• Instructions to follow:
Make an exact copy of the lines from the top of the entries below through the line with "Outside of MST". Leave all pictures out.

────────

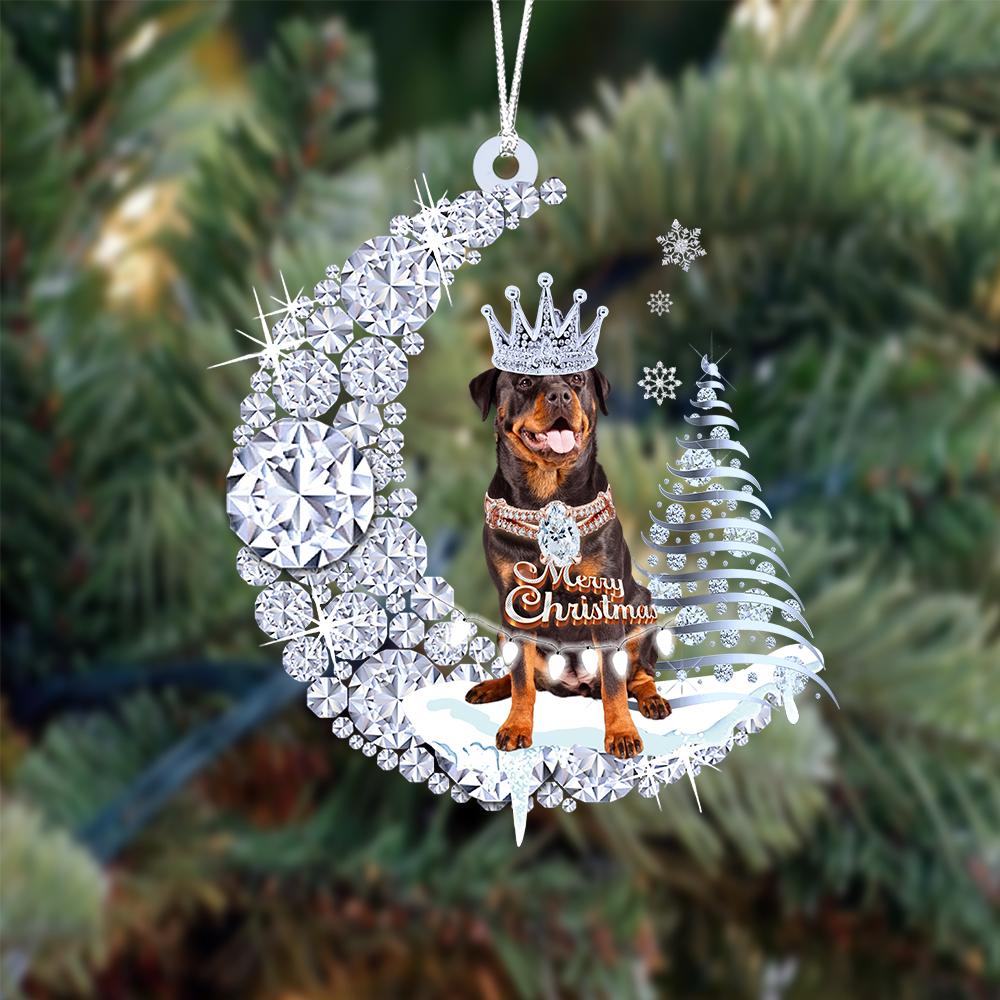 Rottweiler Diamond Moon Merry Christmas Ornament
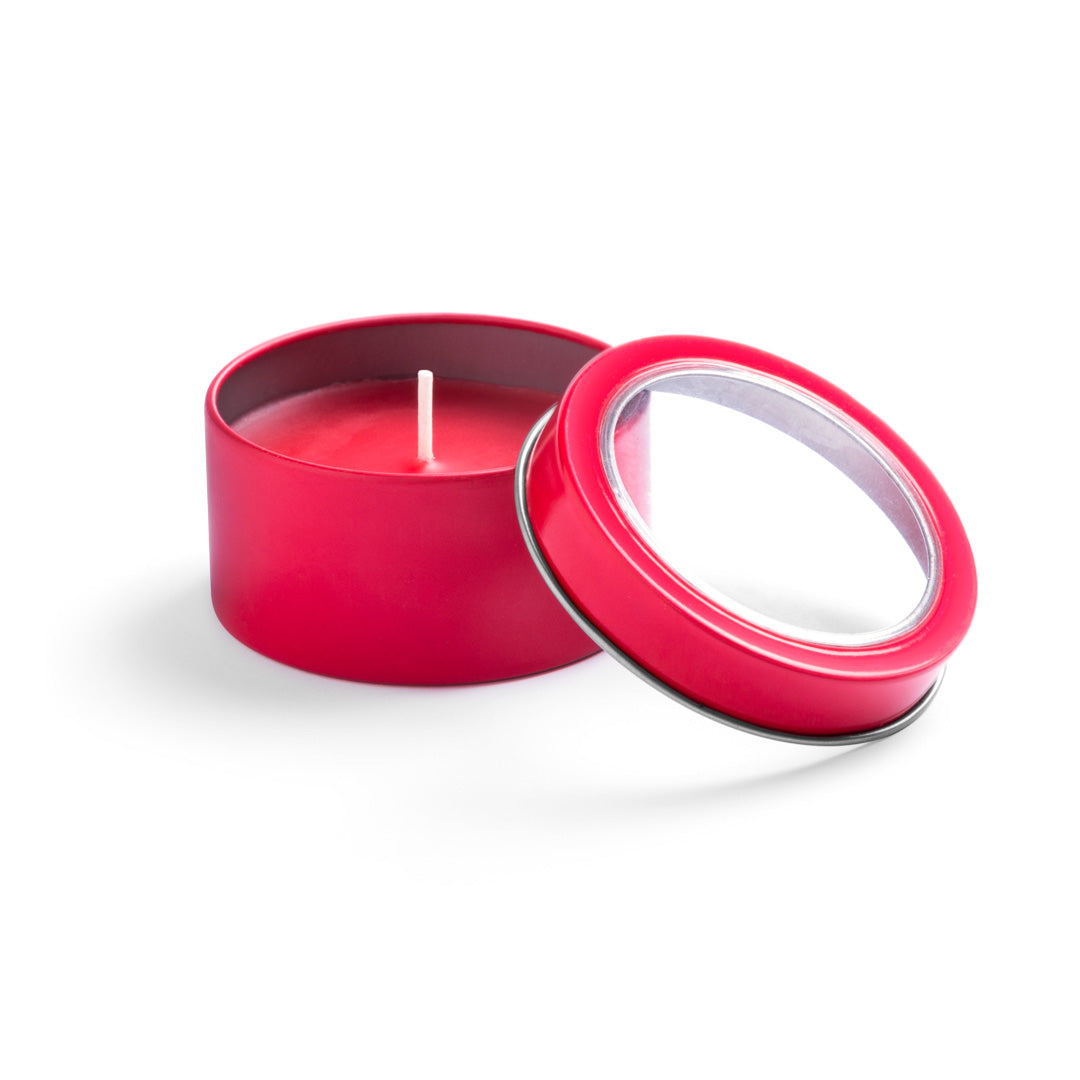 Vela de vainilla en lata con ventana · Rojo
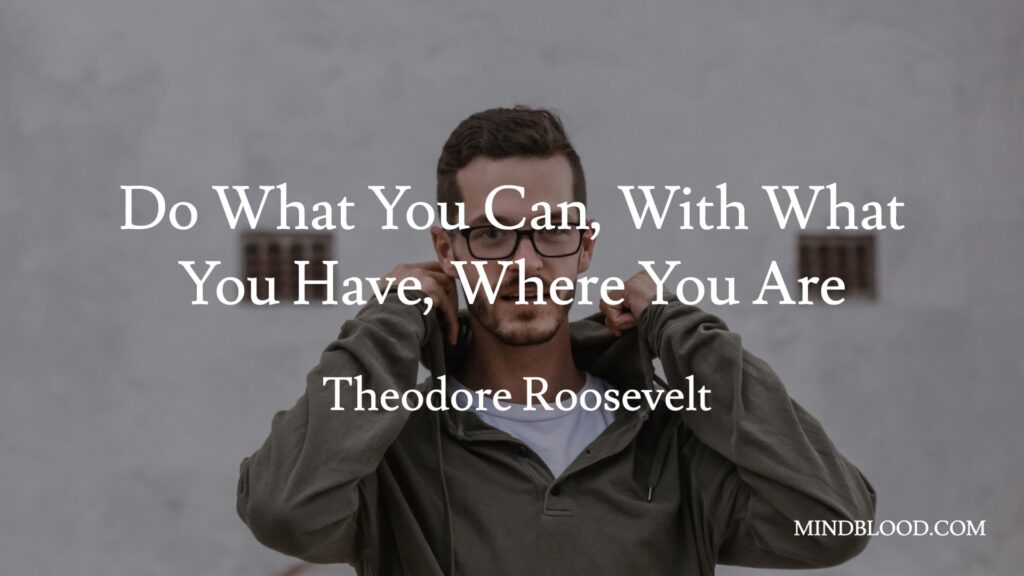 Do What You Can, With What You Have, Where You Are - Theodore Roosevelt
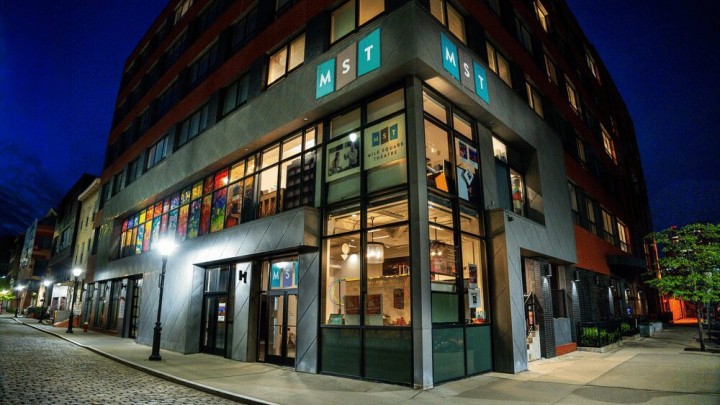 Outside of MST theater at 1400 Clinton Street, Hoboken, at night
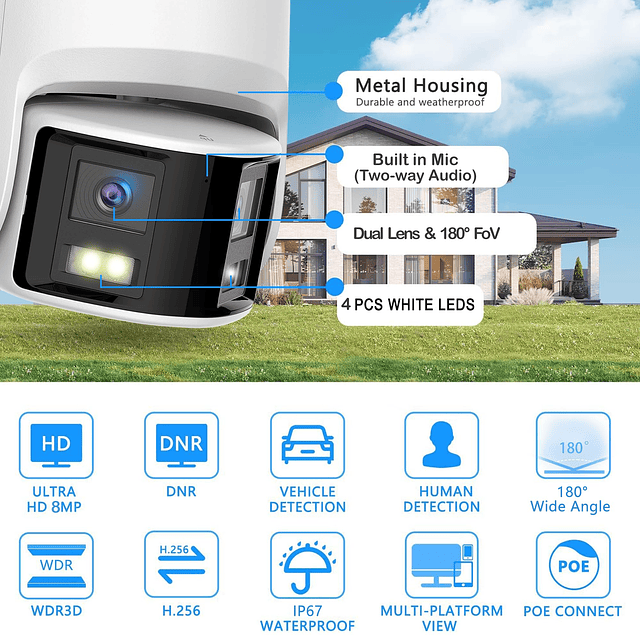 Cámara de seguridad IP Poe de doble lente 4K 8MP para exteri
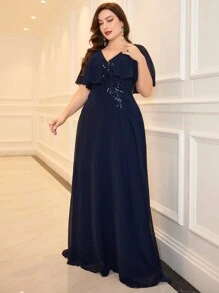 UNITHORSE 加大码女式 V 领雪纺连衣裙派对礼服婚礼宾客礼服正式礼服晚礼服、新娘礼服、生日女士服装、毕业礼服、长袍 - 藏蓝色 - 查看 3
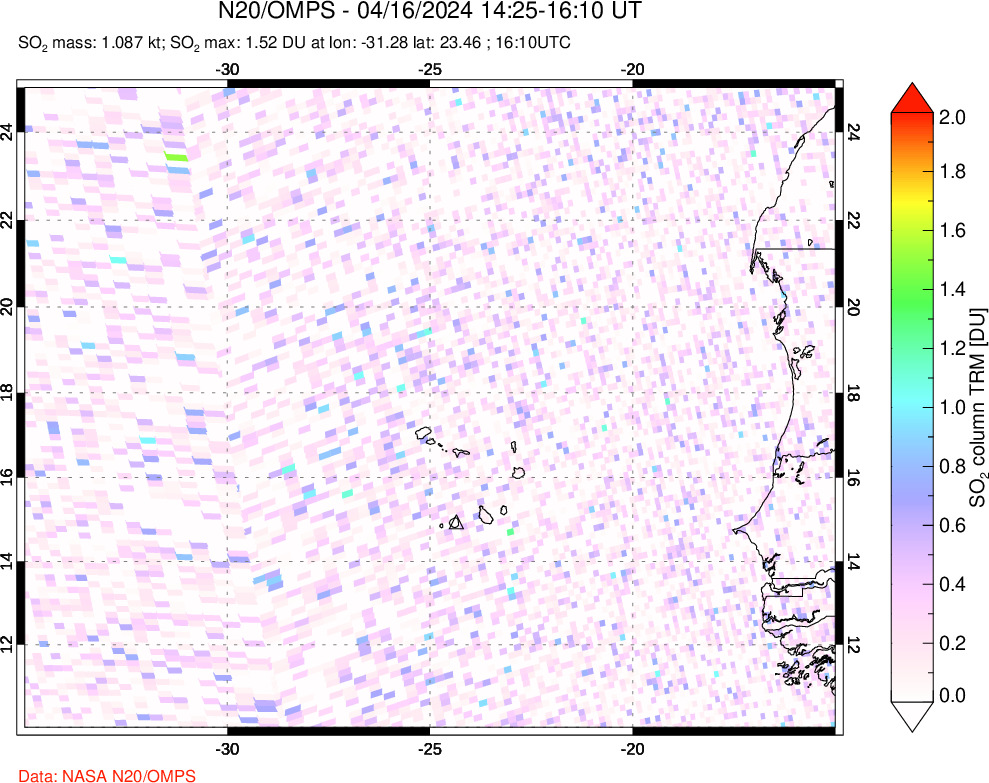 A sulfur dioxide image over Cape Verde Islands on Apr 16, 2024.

────────

• Final answer:
 Rottweiler Diamond Moon Merry Christmas Ornament
 Vela de vainilla en lata con ventana · Rojo
 Do What You Can, With What You Have, Where You Are - Theodore Roosevelt
 Outside of MST theater at 1400 Clinton Street, Hoboken, at night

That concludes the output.